__Problem to work on__.
Find the line that holds "KY license plate 615ULO" in the material below. Output that line and each one after it exactly, but not the pictures.

__Source material__.
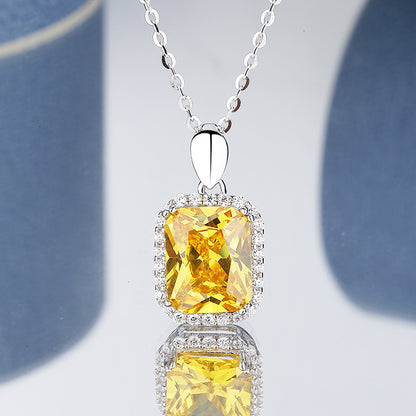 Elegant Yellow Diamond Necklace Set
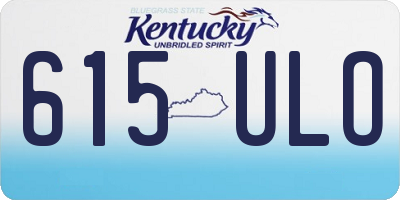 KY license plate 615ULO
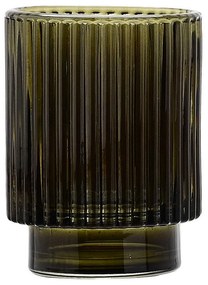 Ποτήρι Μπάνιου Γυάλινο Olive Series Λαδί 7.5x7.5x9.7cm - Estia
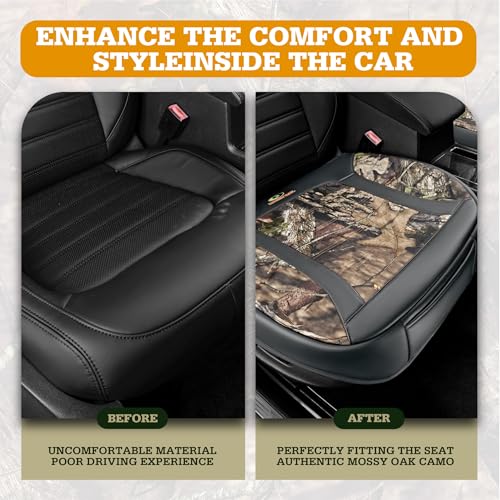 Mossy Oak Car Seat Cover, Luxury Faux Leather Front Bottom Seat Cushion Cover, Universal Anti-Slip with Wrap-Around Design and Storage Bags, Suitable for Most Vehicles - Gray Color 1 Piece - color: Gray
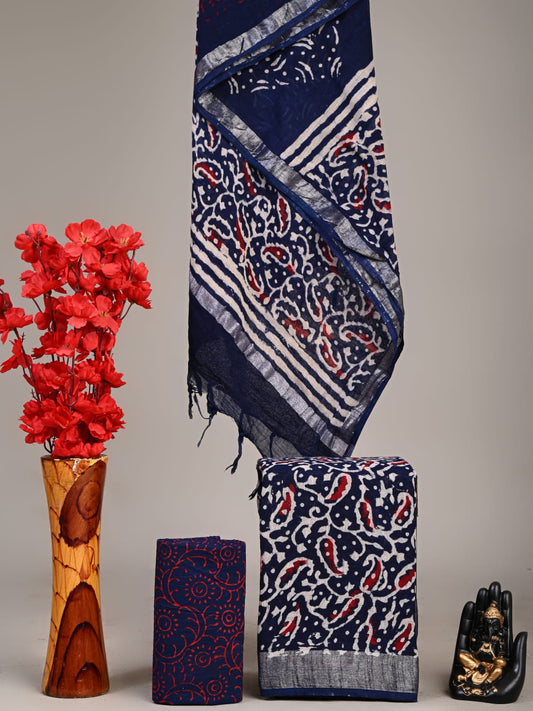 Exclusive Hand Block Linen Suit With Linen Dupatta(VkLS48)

__Solved exercise__.
 KY license plate 615ULO
 Ποτήρι Μπάνιου Γυάλινο Olive Series Λαδί 7.5x7.5x9.7cm - Estia
 Mossy Oak Car Seat Cover, Luxury Faux Leather Front Bottom Seat Cushion Cover, Universal Anti-Slip with Wrap-Around Design and Storage Bags, Suitable for Most Vehicles - Gray Color 1 Piece - color: Gray
 Exclusive Hand Block Linen Suit With Linen Dupatta(VkLS48)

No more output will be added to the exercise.